Define Collective Agreement In Business

21:14 6.12.2020 Napsal: petr.stibor

The right to bargain collectively with an employer strengthens the human dignity, freedom and autonomy of workers by giving them the opportunity to influence the definition of labour rules and thus gain some control over an important aspect of their lives, namely their work… Collective bargaining is not just a tool for pursuing external objectives… Rather, it is an experience as an experience of self-management that is in itself valuable… Collective bargaining enables workers to achieve some form of democracy in the workplace and to guarantee the rule of law in the workplace. Workers gain a voice to influence the definition of rules that control an important aspect of their lives. [8] A collective agreement is a written contract between an employer and a union representing the workers. The KBA is the result of a broad negotiation process between the parties on issues such as wages, hours and terms of employment. In the United States, the National Labor Relations Act (1935) covers most collective agreements in the private sector. The Act makes it illegal for employers to discriminate, spy, harass or terminate workers because of their union membership or to retaliate for organizing campaigns or other „concerted activities,“ creating business unions or refusing to engage in collective bargaining with the union that represents their employees. It is also illegal to require any worker to join a union as a condition of employment. [12] Trade unions are also able to ensure safe working conditions and adequate remuneration for their work. In Finland, collective agreements are of general application.
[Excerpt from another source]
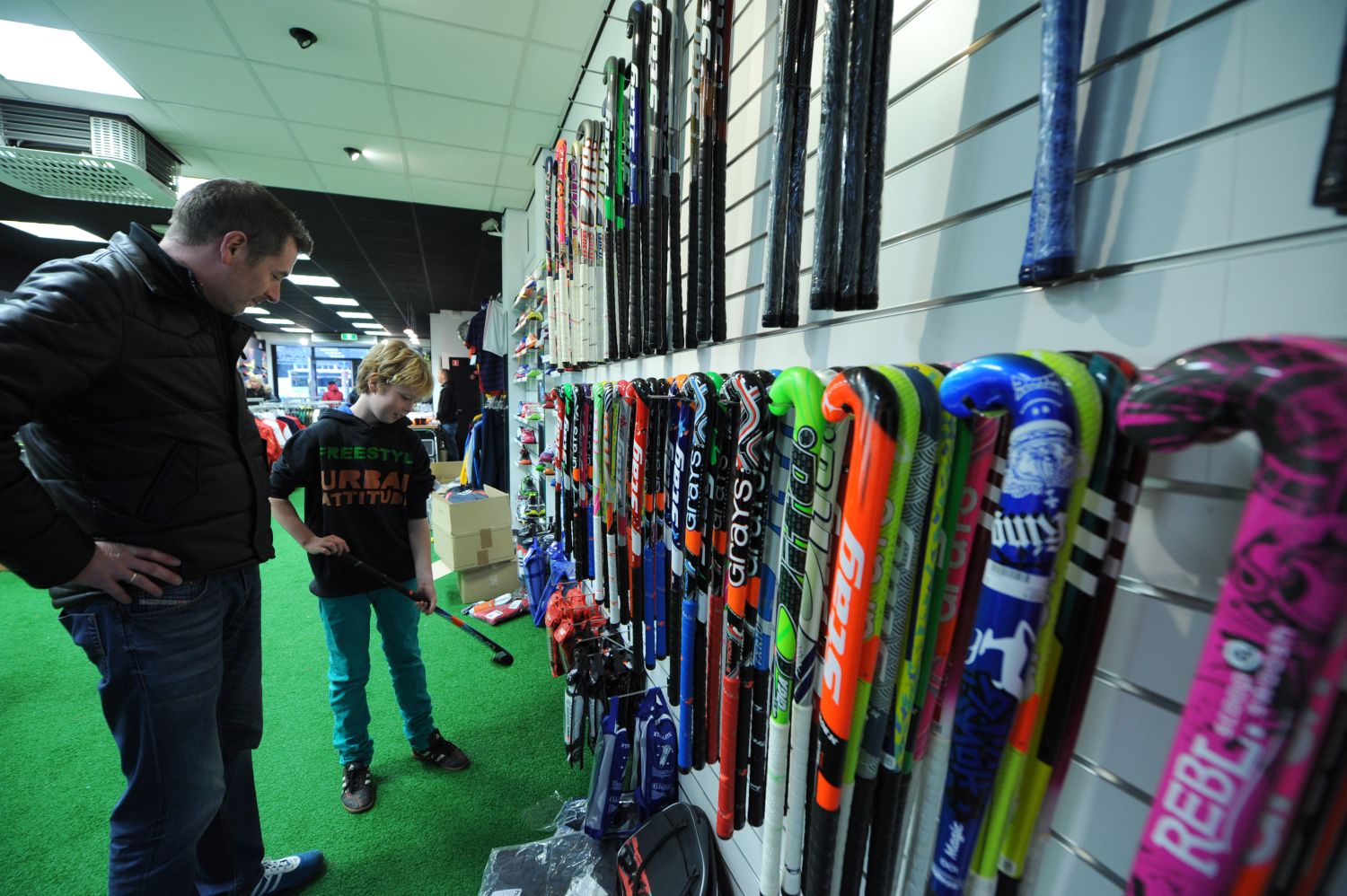 Hockeysticks uittesten op het oefenveldje in SportFanatic
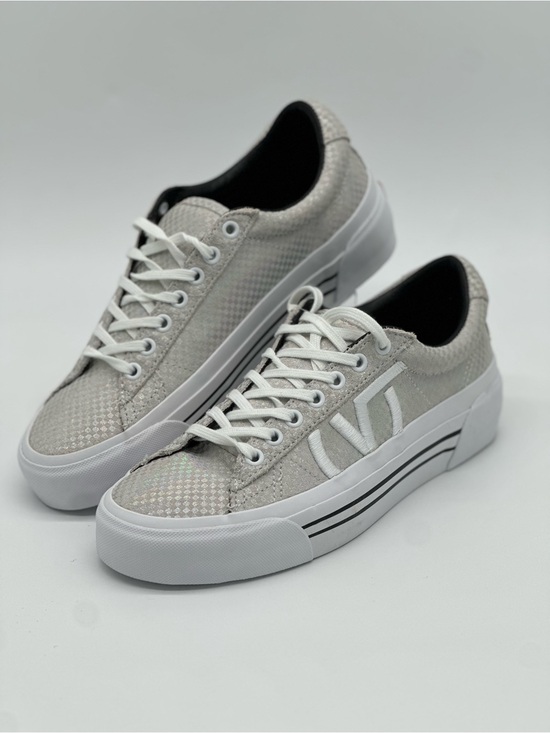 Vans Other - Vans Men’s Low-Top Sneakers in Light Silver and White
This means that a collective agreement in an industry becomes a general legal minimum for an individual`s employment contract, whether or not he or she is unionized. For this condition to apply, half of the workers in this sector must be unionized and therefore support the agreement. The United States recognizes collective agreements[9] [10] [11] To compare the types of collective bargaining between companies, industrial relations analysis uses different dimensions of collective bargaining: while a collective agreement is in force, it can only be modified by a voluntary and reciprocal agreement. An amendment to the duration of the agreement must be approved by the Labour Council. Once an interim agreement has been reached between the employer and union representatives, each union member has the opportunity to vote in favour of its acceptance or rejection. If at least 50% of union members who vote accept the agreement, it becomes legally binding. If union members do not accept the agreement, the employer and union representatives can continue negotiations. Alternatively, the union may call for a strike vote.

In addition, a strike vote must obtain at least 50% of the vote. Very rarely, if a union cannot obtain ratification or strike authorization, it will waive its right to represent workers. Good faith negotiations are aimed at obtaining collective agreements that are acceptable to both parties. In the absence of agreement, dispute resolution procedures can be used, from conciliation to arbitration to conciliation. In practice, the structure of negotiations in the United Kingdom is very complex. Collective bargaining on behalf of a certain group of workers can take place at more than one level. Some issues can be defined in sectoral negotiations, others by enterprise negotiations, while some issues can be subject to more than one level. If collective bargaining collapses, the parties may refer the matter to a third party for arbitration. If this is not the case, it is possible that a STRIKE or any other form of INDUSTRIAL ACTION may occur. See SINGLE TABLE BARGAINING. The union can negotiate with a single employer (who usually represents a company`s shareholder) or with a group of companies, depending on the country, in order to reach an industry-wide agreement.